The results demonstrate the superiority of the Gamma-adapted RBD vaccine over the ancestral RBD vaccine in terms of immunogenicity, breadth of neutralizing antibody response, and protective efficacy in a preclinical mouse model. The enhanced immunogenicity likely stems from the presence of key mutations (K417T, E484K, N501Y) in the Gamma RBD, which may create more immunogenic epitopes and improved binding to the ACE2 receptor. The vaccine's ability to induce both robust humoral and cellular immune responses is particularly encouraging. This is consistent with the notion that both antibody responses and T-cell responses are required for durable protection against SARS-CoV-2. The success of the Gamma RBD vaccine as a heterologous booster further underscores its potential as a universal booster vaccine. These findings strongly support the advancement of this Gamma-adapted RBD vaccine candidate for clinical development. The broad cross-reactivity against various VOCs makes it a promising approach to address the challenges posed by the continuously evolving virus.

This study demonstrates the significant potential of a Gamma-adapted subunit RBD vaccine as a highly immunogenic and broad-spectrum vaccine candidate against SARS-CoV-2. The vaccine's superior performance compared to ancestral RBD vaccines, its efficacy as a heterologous booster, and its ability to protect mice from infection warrant further investigation and clinical trials. Future research should focus on evaluating its efficacy and safety in human clinical trials, exploring different adjuvant formulations to further enhance its immunogenicity, and investigating potential improvements to the vaccine design.

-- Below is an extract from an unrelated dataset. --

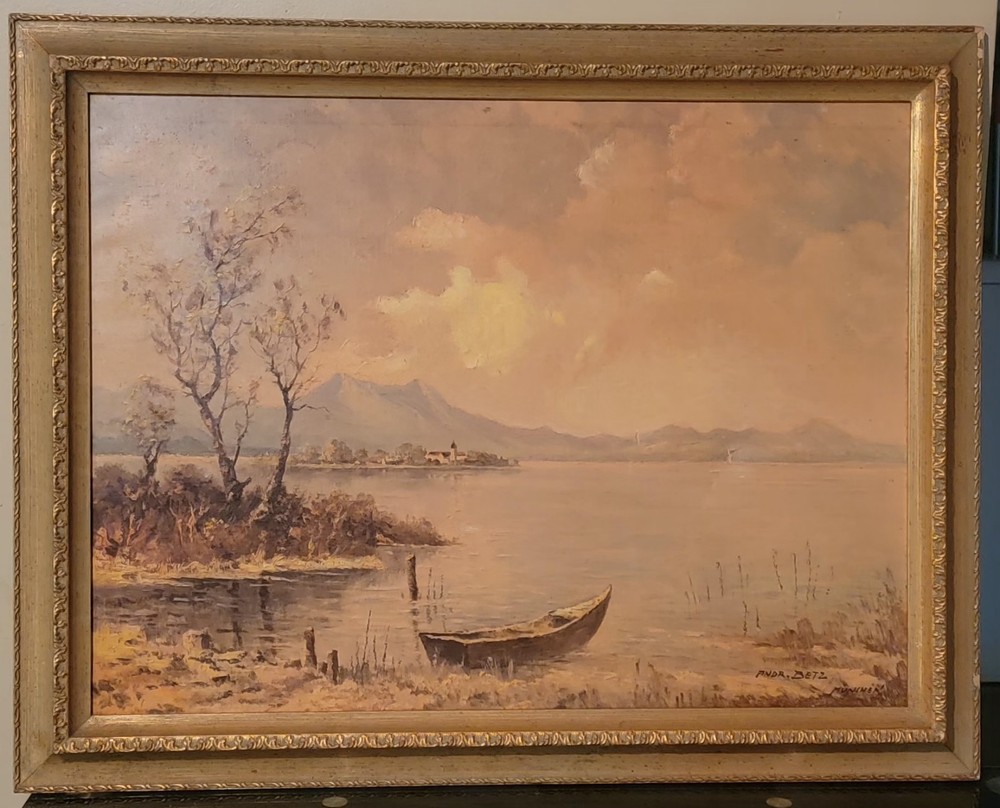 ORIGINAL ANDR. BETZ OIL ON CANVAS PAINTING SIGNED 30X37″ FRAMED VERY OLD…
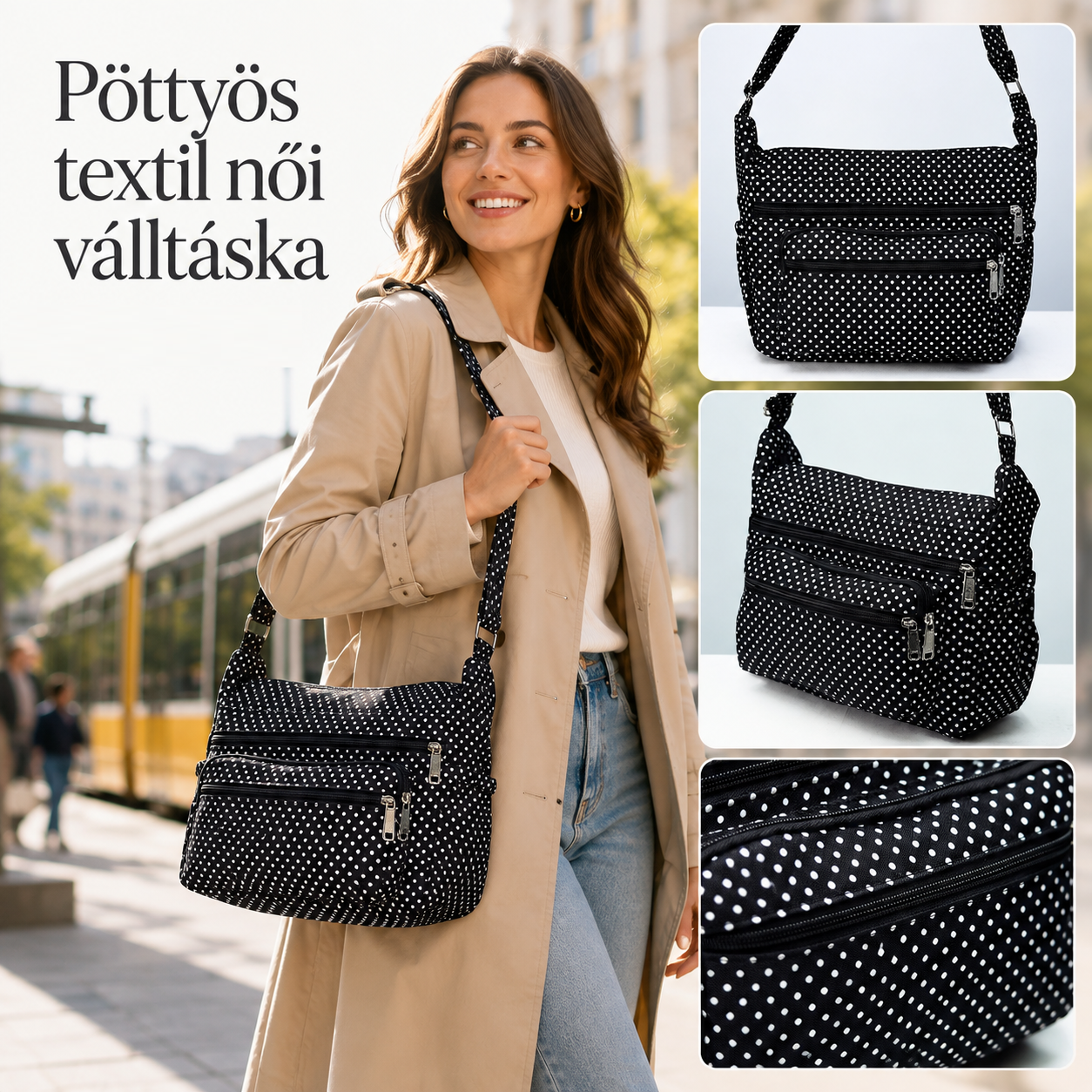 Dollcini Textil Női Válltáska – Könnyű és Divatos Kiegészítő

The study was conducted in preclinical mouse models, and the results may not fully translate to human responses. The use of transgenic K18-hACE2 mice for challenge studies, while providing a relevant model, might not perfectly recapitulate human disease pathogenesis. Although the study included heterologous boosting, it did not cover all available vaccine platforms, and additional studies might be necessary to evaluate compatibility with other vaccination regimens.